Desde pequeño, de vez en cuando, me paro a pensar que todo está ocurriendo ahora. Quiero decir que, mientras escribo esto, todo el mundo está haciendo algo o no haciendo nada, que es también hacer. Si uno decide rizar con tiento el rizo de la cuestión, verá que para que usted lea esto yo ya tendré que haber abandonado la escritura de este artículo, y de ese modo nuestros presentes, como líneas paralelas que jamás se encuentran, de algún modo lo hacen, pese a todo, en estas palabras, en este momento. Así que todos estamos haciendo algo ahora, pero ayer también. Y más tarde, si algo de lo que he dicho le ha hecho dudar o cavilar, habrá un futuro en el que ni yo escribiré ni usted leerá, pero ambos estaremos dialogando, ausentes, compartiendo sin vernos nuestras ideas, nuestra memoria. El lector nunca está solo.

Cuentan que un cuadro de Manet, La ejecución del emperador Maximiliano, estaba repartido en trozos por el mundo porque así lo decidieron sus herederos. Degas, rival y amigo de Manet, y tan dado a torcer los encuadres en sus obras, trató en este caso de enderezar la realidad revuelta: buscó los recortes del cuadro mutilado, los recompuso, y formó así uno nuevo, sembrado de cicatrices, en el que intuyo que no sólo resanó las heridas del lienzo, sino de una amistad no exenta de amarguras.

Pienso en esta búsqueda y reconstrucción porque todo nace a cada momento, y de este modo hay retazos de tiempo escondidos que nos salen al paso, sin esperarlos, como si una mano amiga nos los fuera trayendo de oscuras latitudes, cargados de augurios. Como si, sin saberlo, alguien o algo nos hubiera disgregado. En sus Confesiones, San Agustín escribió aquello de que no hay forma de definir el tiempo, la dimensión más esquiva. Decía que ni pasado ni futuro existen, porque uno ya no es y el otro aún no ha llegado. Pero yo me siento más cercano a las palabras de Faulkner: “El pasado nunca está muerto. No es ni siquiera pasado”. Así que esos pedazos de tiempo, esas historias y dolores dormidos que no se han ido, nos tocan y nos rehacen, porque nosotros también somos obras en construcción y cada momento habita en cada momento.

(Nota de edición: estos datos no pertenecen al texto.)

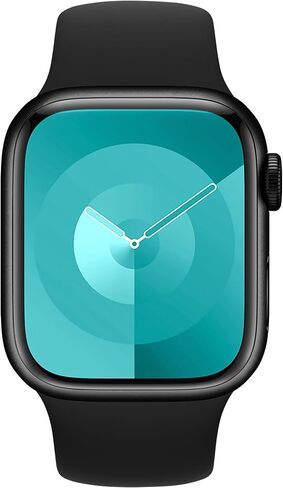 SBC1 Sport Band Compatible with Apple Watch Bands for Women Ultra Se 41mm 40mm 38mm 49mm 45mm 44mm 42mm Men series 9 8 7 6 5 4 3 2 1 iWatch Strap Silicone Black in Kuwait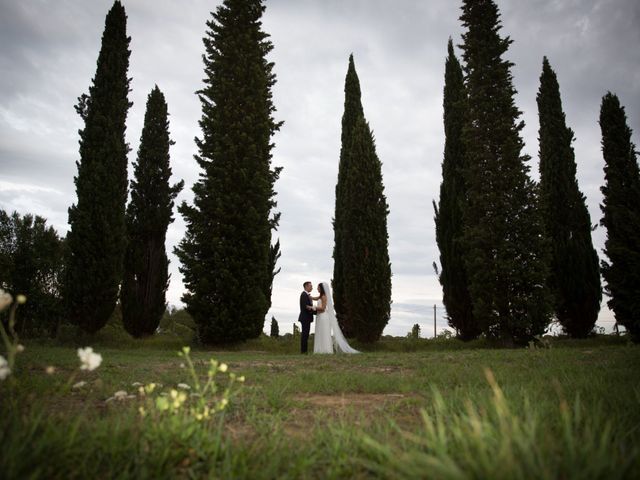 Il matrimonio di Matilde e Cristiano a Pistoia, Pistoia 19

Y así podemos seguir el hilo sugerido al principio. Todo cambia y permanece: las ciudades, las cosechas, los amores. En mis padres, en mis dos abuelas, que aún viven, descansa un mundo al que jamás, por más que usen las palabras, tendré acceso. Y entiendo que debe ser así, igual que no puede haber música sin silencio ni fe sin misterio. En todos nosotros avanza en silencio un río, humano y grave, del que apenas intuimos su curso pero que nos arrastra y nos da forma y sentido. Ahora. Ahora. Ahora.